From Directions to Cones: Exploring Multidimensional Representations of Propositional Facts in LLMs
Stanley Yu, Vaidehi Bulusu, Oscar Yasunaga, Clayton Lau, Cole Blondin, Sean O'Brien, Kevin Zhu, Vasu Sharma
TL;DR
This work extends the concept cone framework to propositional truth in LLMs, revealing a rich, multi-dimensional subspace that causally mediates truthful responses across model families. By combining activation addition, directional ablation, and a loss-guided cone discovery procedure, the authors identify orthogonal cone axes that collectively steer truth with minimal collateral drift, validated across multiple models and datasets. The findings show that truth is not confined to a single linear direction but can be captured by a cone with several basis vectors, enabling robust, targeted interventions while preserving general instruction-following behavior. These results advance mechanistic interpretability by providing a scalable, semi-local tool for probing abstract behaviors and raise considerations about potential vulnerabilities to manipulation and the need for interpretable labeling of the cone axes. The work sets a clear path for extending to larger, instruction-tuned models and multimodal settings, as well as for developing principled methods to map cone axes to semantically meaningful truth facets.
Abstract
Large Language Models (LLMs) exhibit strong conversational abilities but often generate falsehoods.
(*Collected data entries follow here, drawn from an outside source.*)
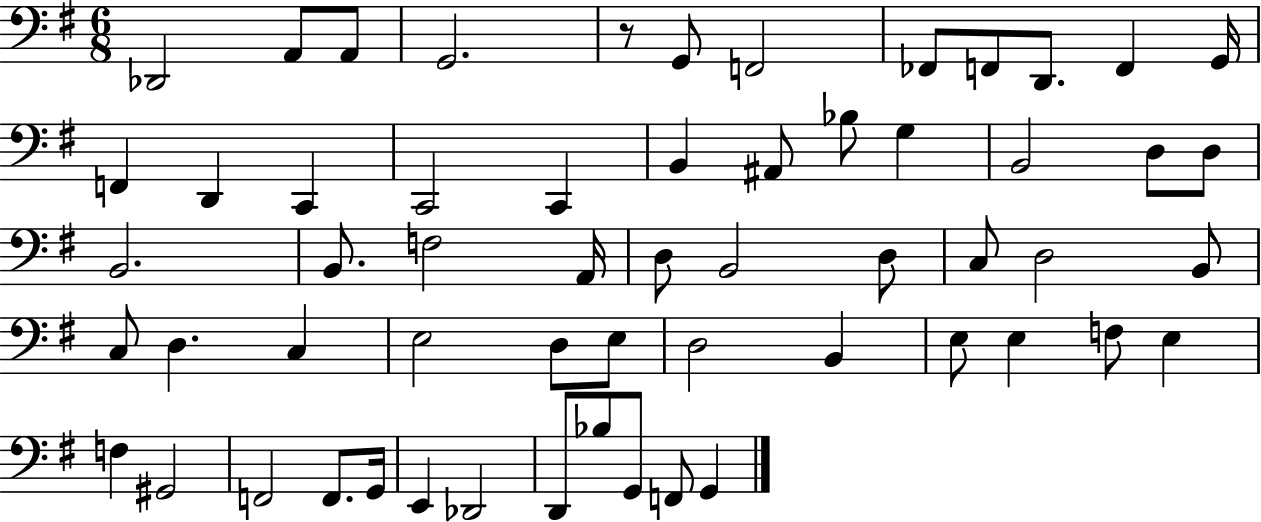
{
  \clef bass
  \numericTimeSignature
  \time 6/8
  \key g \major
  des,2 a,8 a,8 | g,2. | r8 g,8 f,2 | fes,8 f,8 d,8. f,4 g,16 | \break f,4 d,4 c,4 | c,2 c,4 | b,4 ais,8 bes8 g4 | b,2 d8 d8 | \break b,2. | b,8. f2 a,16 | d8 b,2 d8 | c8 d2 b,8 | \break c8 d4. c4 | e2 d8 e8 | d2 b,4 | e8 e4 f8 e4 | \break f4 gis,2 | f,2 f,8. g,16 | e,4 des,2 | d,8 bes8 g,8 f,8 g,4 | \break \bar "|."
}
Prior work suggests that the truthfulness of simple propositions can be represented as a single linear direction in a model's internal activations, but this may not fully capture its underlying geometry. In this work, we extend the concept cone framework, recently introduced for modeling refusal, to the domain of truth. We identify multi-dimensional cones that causally mediate truth-related behavior across multiple LLM families. Our results are supported by three lines of evidence: (i) causal interventions reliably flip model responses to factual statements, (ii) learned cones generalize across model architectures, and (iii) cone-based interventions preserve unrelated model behavior. These findings reveal the richer, multidirectional structure governing simple true/false propositions in LLMs and highlight concept cones as a promising tool for probing abstract behaviors.